(HOW TO COMPLETE THIS TASK): Could you repeat, word for word, the line with "Dziewczynka z zamkniętymi" and every line after it in the records below, leaving out any pictures?

[Opening EXTRACTED RECORDS section]

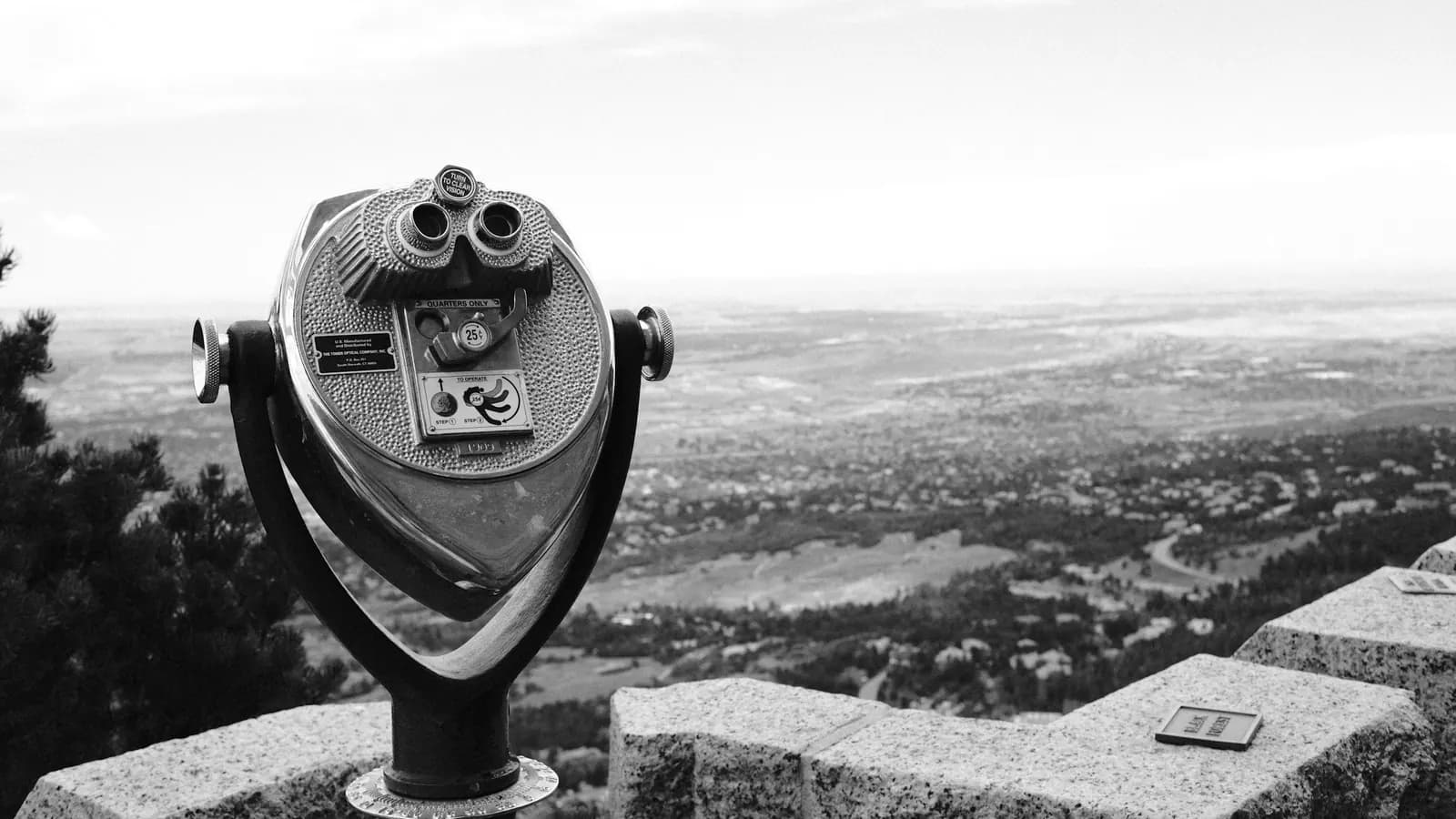 Coin-operated binoculars on a stone wall looking out over a wide valley, in black and white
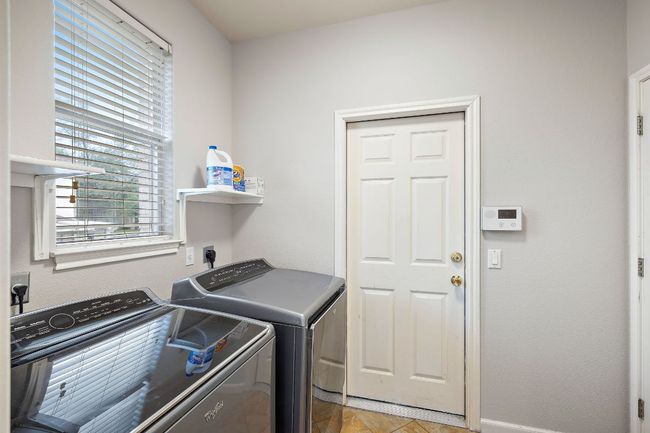 The large laundry room leads to the garage and also has a large, walk-in closet! | Image 22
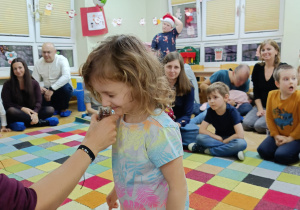 Dziewczynka z zamkniętymi oczami stara się rozpoznać zapach znajdujący się w słoiczku.
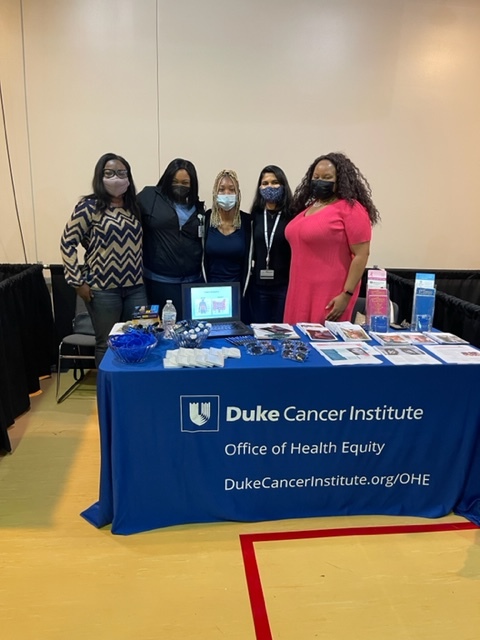Five team members behind a Duke Cancer Institute Office of Health Equity table at the Gut Patrol event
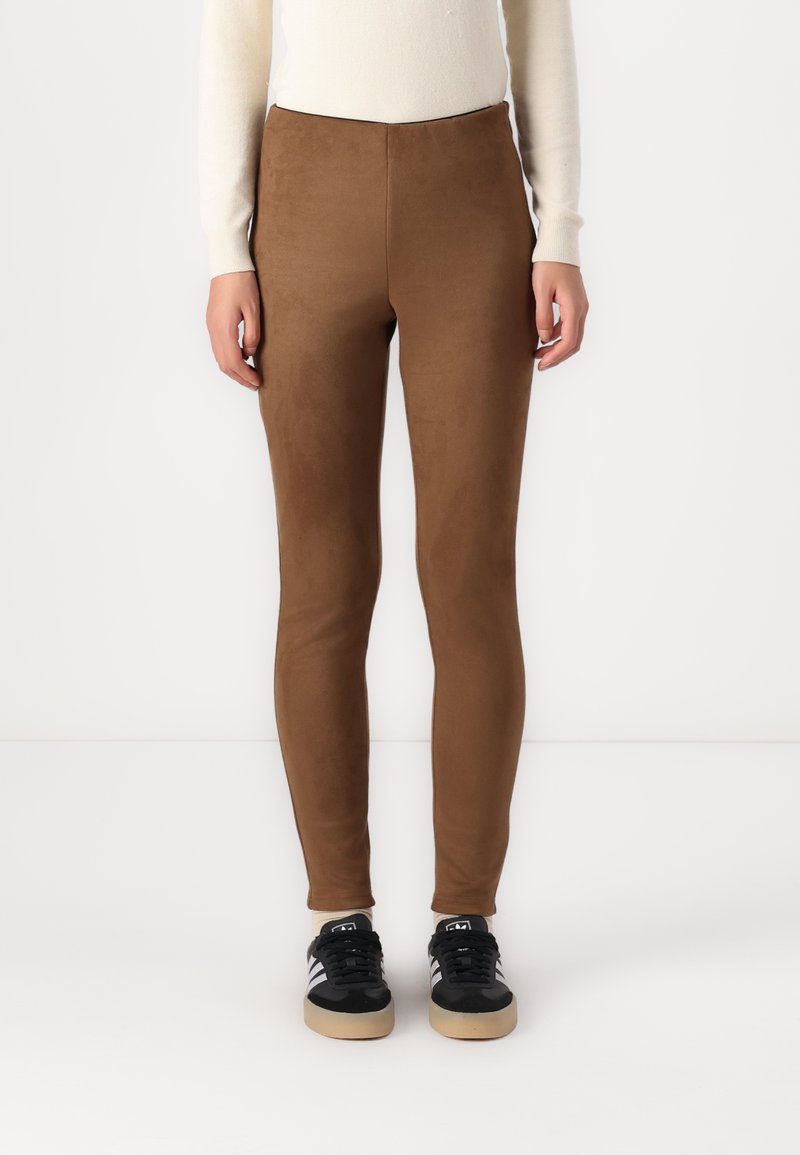 Leggings marroni elasticizzati con una texture liscia e opaca e vitino alto, abbinati a sneakers nere con strisce bianche e suola in gomma.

[Closing EXTRACTED RECORDS section]

(WRITTEN SOLUTION):
 Dziewczynka z zamkniętymi oczami stara się rozpoznać zapach znajdujący się w słoiczku.
Five team members behind a Duke Cancer Institute Office of Health Equity table at the Gut Patrol event
 Leggings marroni elasticizzati con una texture liscia e opaca e vitino alto, abbinati a sneakers nere con strisce bianche e suola in gomma.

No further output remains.